What to produce: Please give back the lines from the line containing "500 Grams of" through the end of the listing below, exactly as written and without pictures.

Records:

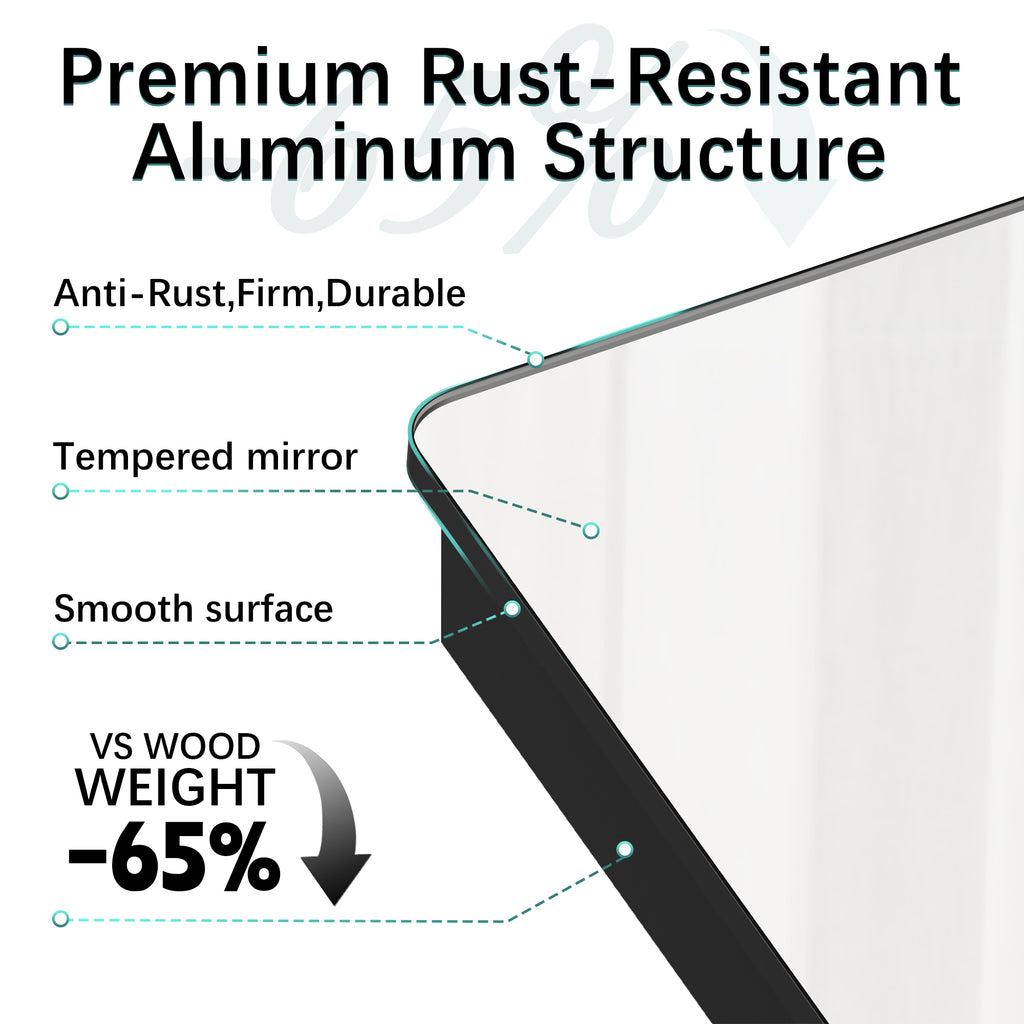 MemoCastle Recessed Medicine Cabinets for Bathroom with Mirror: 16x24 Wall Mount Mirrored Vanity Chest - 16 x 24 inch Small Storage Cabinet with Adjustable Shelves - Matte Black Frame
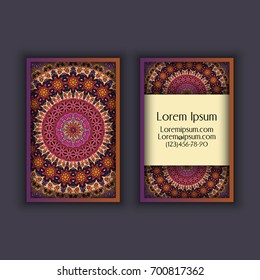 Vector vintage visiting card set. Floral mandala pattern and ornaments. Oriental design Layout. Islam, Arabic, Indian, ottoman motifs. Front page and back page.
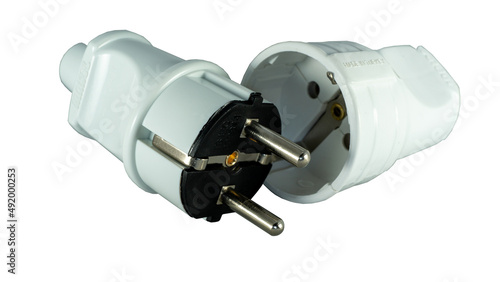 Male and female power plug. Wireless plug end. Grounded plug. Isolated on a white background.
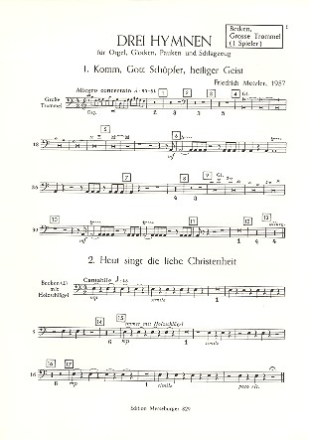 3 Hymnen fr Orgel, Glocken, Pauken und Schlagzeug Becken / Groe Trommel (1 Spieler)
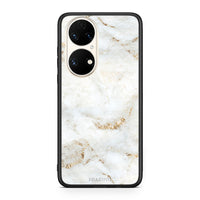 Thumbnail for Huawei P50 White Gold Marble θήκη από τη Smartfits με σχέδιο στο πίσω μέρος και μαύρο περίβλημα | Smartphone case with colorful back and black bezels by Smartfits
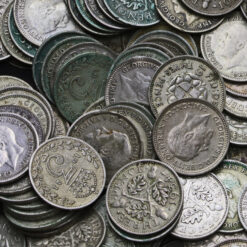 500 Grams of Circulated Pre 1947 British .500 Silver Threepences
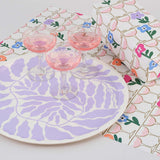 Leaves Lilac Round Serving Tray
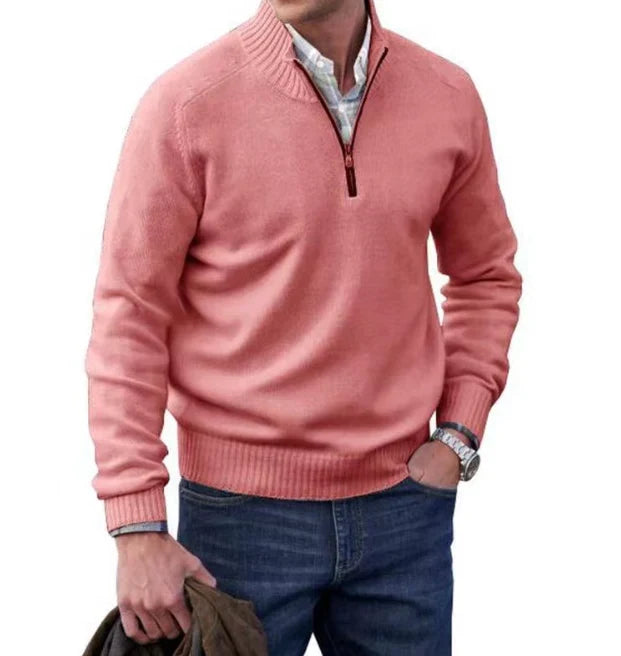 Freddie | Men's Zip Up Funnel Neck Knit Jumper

Result of the task:
 500 Grams of Circulated Pre 1947 British .500 Silver Threepences
 Leaves Lilac Round Serving Tray
 Freddie | Men's Zip Up Funnel Neck Knit Jumper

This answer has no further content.